As software demands grow in various domains with ever-increasing quality standards and shorter development cycles, software product lines have emerged as a promise to not only improve quality and lower development costs, but also to reduce time-to-market. A software product line consists of a set of products developed from the same set of artifacts and targeted at a specific domain [2]. Indeed, by moving to the product line approach, an organization may increase its competitiveness in a specific domain of software development. At the same time, adopting this approach involves both organizational and technical commitments.

At the technical level, the product line approach to software development encompasses the following activities: domain analysis, domain design, domain implementation, and application engineering [4]. In the first three, a set of reusable artifacts is developed; in the fourth activity, these artifacts are potentially adapted and composed with custom-specific artifacts in building applications.

A central issue in this process is managing the communalities and the variabilities among the products [9]. It is a non-trivial task, due to the potentially high number of product composition instances. Indeed, to accomplish this task various techniques at the implementation level exist [1]. Their use, however, is constrained by the application domain.

In this context, this paper reports on-going work to define an extractive approach for managing variability at the implementation level. It relies on a combination of Aspect-Oriented Programming (AOP) [7] and general program transformation in order to structure and instantiate product lines, and it aims at providing enhanced configurability and composability in the mobile device domain.

The remainder of this paper is organized as follows. Section 2 describes the application domain and the specific product line which is the subject of our approach; in Section 3, we explain our method, showing how it combines AOP and general program transformation; Section 4 evaluates the approach and discusses related work; we conclude in Section 5.

2 DOMAIN DESCRIPTION

Game development for mobile devices is an example of a domain with business and technical constraints for which the product line approach is likely to be suitable. Numerous functional variations are possible on a single game type, and each game may have to be deployed in a dozen of platforms. In addition, the development cycle must be tuned so that short time-to-market and high quality standards are met, since these games may be delivered in millions of devices.

We consider game development for mobile phones using J2ME’s MIDP 1.0 profile, which is targeted at mobile devices with constrained resources, including reduced memory and computing power, and intermittent low-bandwidth connectivity [11]. Although MIDP 1.0 is supported by a number of devices, some still make extensive use of proprietary Application Programming Interface (API), which explores devices enhancements, such as advanced graphics manipulation, for instance.

In our scope, we explore the platform variation arising due to use of proprietary API. In particular, there are three platforms (PA, PB, and PC) on which the same game GM is run (the actual names are not relevant here). PA relies solely on MIDP 1.0, whereas PB and PC rely on MIDP 1.0 and proprietary API. GM is an actual game delivered by service carries in South America and Asia. Figure 1 illustrates its main screen.
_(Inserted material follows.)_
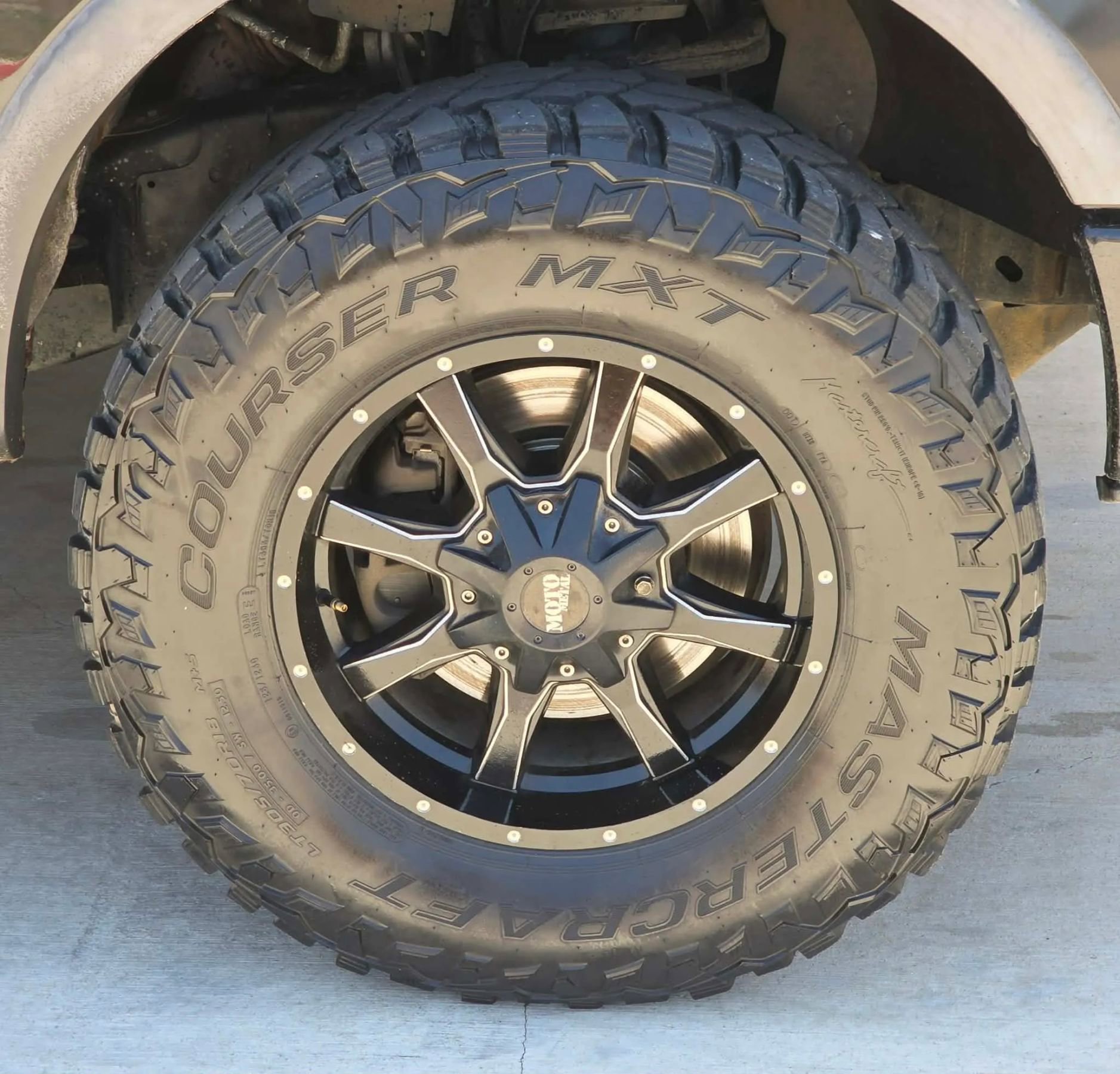 Used 2014 Ford F150 FX4 w/ Equipment Group 401A Mid AWD/4WD image 29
Figure 1: Platform variation of the GM game

Negative
Positive
Scattered
Local
Scattered
Local
pointcut and advice with empty code
inter-type declaration defining empty method
pointcut and advicedefining variation code
inter-type declaration defining constant or variant method

Table 1: Mapping variation type to aspect constructs

3 APPROACH

The goal is to structure a product line around GM so that it can be easily configured for any of the platforms PA, PB, and PC. Indeed, as we discuss in Section 4, such task could be accomplished solely with object-oriented constructs or other techniques, but these lack enhanced composability of relevant features in this domain. In order to accomplish this task, we rely instead on a combination of AOP and general program transformation.

The outline of our approach is as follows: given GM in PA, we identify variation points, optionally refactor code to encapsulate these variation points, and extract the specialized behavior into aspects in AspectJ. The outcome is an aspect for introducing the specifics of each platform and an abstract GM, which we refer to as GMAbs. Figure 2 illustrates our approach.

The identification of specific variation points related to platform variation is carried out manually, but this can be improved as Section 4 explains. When refactoring the original code to extract variation, extensive use is made of Extract Method. However, no refactoring is performed when the variation is scattered. At this point, we create an empty aspect to which we map the extracted variation. The precise mapping depends on the variation type and whether the variation is scattered or not. Table 1 defines this mapping.

Figure 2: Approach outline

Essentially, if the variation is scattered, we rely on dynamic crosscutting by using an expressive pointcut and a piece of advice with either some code (positive variation) or none (negative variation [3]). If the variation is not scattered, we rely on static crosscutting by using an intertype declaration defining the method or the constant for the variation (posivite) or defining an empty method (negative variation).

The approach is reactive and incremental: from one game in one platform, we arrive at a product line infrastructure containing the abstract game GMAbs and two aspects, one for customizing GMAbs back to the original platform and another for customizing GMAbs to the new platform. From there, we apply the method once again to add an aspect for another platform.

4 EVALUATION AND RELATED WORK

The previously described approach was applied in structuring a product line of game GM in three platforms. We started from PA and applied the method twice in order to develop the product line infrastructure. The motivation for applying this specific sequence was that the development team used to develop the products in this order, for the reason that PA uses no proprietary API, whereas the other platforms do. However, the method can be used for other sequences as well.

Following the process in this domain, we noticed that most variation points were considerably fine-grained and consisted of scattered method calls to proprietary API and of different arguments being specified for drawing method calls. Indeed, only a few variation points were coarse-grained, such as changing the type hierarchy of the GM’s main screen class. In addition, the task of finding specific platform variation points was performed manually. This, however, could be automated partially with the help of aspect mining tools [6].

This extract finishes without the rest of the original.